Magic of Christmas
I have been reflecting on the very unbelievable and boring story of Jesus’ birth at Bethlehem.
And in all honesty, with the right person reading I prefer to hear: “twas the night before Christmas and all through the house, not a creature was stirring, not even a mouse…”.
It just seems so much more exciting than an emperor calling a census and Joseph and the very pregnant Mary stumbling along a dusty road on a donkey.
I think part of the problem here has to do with the excitement of Santa Claus and Rudolph and flying through the sky and bringing gifts. On the other hand, Jesus was born in obscure circumstances. He is considered the greatest gift but the gifts He offers cannot be seen or opened or touched or enjoyed in the tangible way we prefer.
There is a particular magic and mystery that accompanies Christmas that puts it out of our realm.
Without faith that lures us into believing the “virgin birth”, Christianity is then a foolish belief system for foolish people imprisoning themselves with the need to believe something because we can never put our hands on what Christ offers – we can’t get the love, the peace, the joy, the hope or anything else we associate with Jesus’ coming.
Then there is the magic of then jolly fat man flying through the sky propelled by animals with no wings and designed to walk. And while hardly anyone pretends to be Jesus, millions of people across the world pretend to be Santa Claus; hiding gifts around the house and easing them under the Christmas tree when the recipient is asleep.
Does your house have a chimney?
You see, we romanticise the Christmas story, or should I say the story of Jesus’ birth and read it as something that happened “once upon a time in a land far, far away”.
Our interpretation is that Jesus came: Once in Royal David city, Long time ago in Bethlehem, It came upon a midnight clear.

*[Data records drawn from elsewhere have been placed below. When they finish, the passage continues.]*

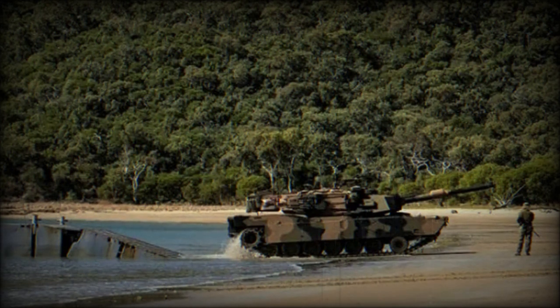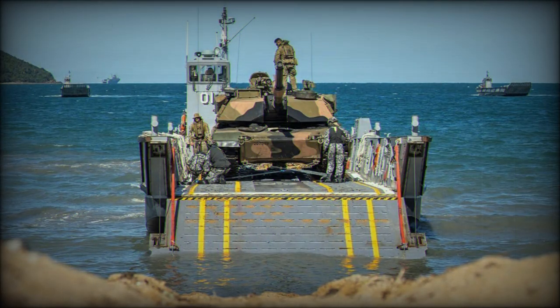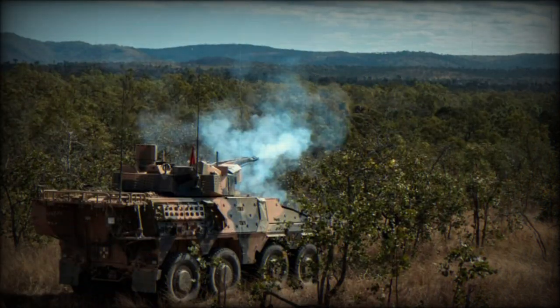Commander of the Amphibious Task Force, Captain Philippa Hay, said it was important to maintain currency in such a complicated military environment. With such a large amphibious force being formed from across all three services, there are a lot of moving parts. The C Series of exercises allows us to continuously improve on previous years' efforts, as well as continue to sharpen our skills.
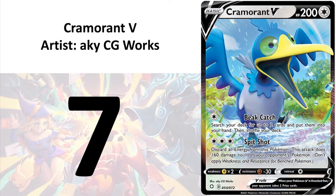Then at number 7, I have Chromoran V by AKY CGworks. The 3D rendered Chromoran V is put on a photorealistic backdrop. This is not really my cup of tea, but there are water, trees, clouds, and rainbows, and tusks. It has to be included by default.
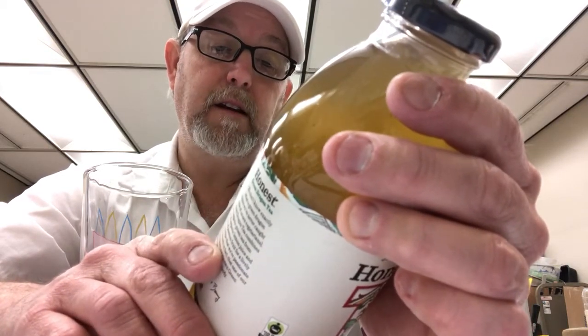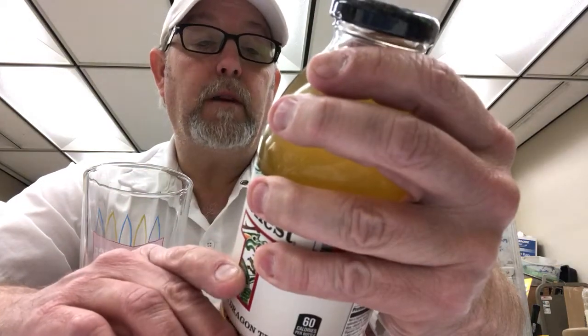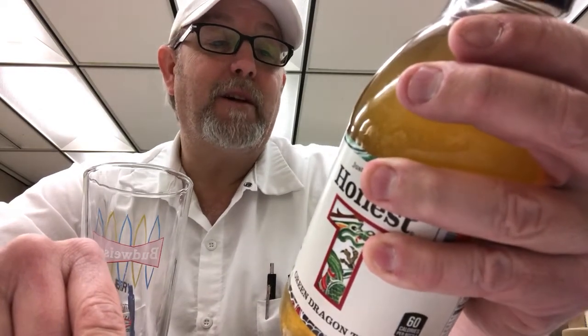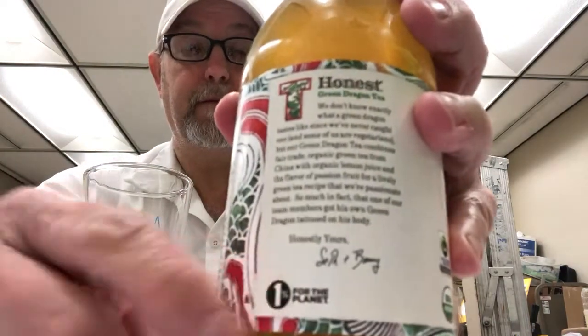Some good environmental notes — no GMOs means that if there is a bio-engineered version of an ingredient, they don't use it. On the back it reads: "We don't know exactly what a green dragon tastes like since we've never caught one, and some of us are vegetarians, but our green dragon tea combines fair trade organic tea from China with organic lemon juice and the flavor of passion fruit for a lively green tea recipe that we're passionate about. So much in fact that one of our team members got his own green dragon tattooed on his body." That's pretty wild. Honestly yours — I think it's Seth and Barry.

Jesus is past tense, he already happened.
But Santa Claus is present and future tense – coming down the chimney, leaning his ears to hear what the children want and he brings everything from front teeth to diamond rings.
We need to stop talking about the Christ and live the Christian life. As Christians we are called, not only at Christmas but all year long to translate the language of long ago into present tense by the lives we practise daily.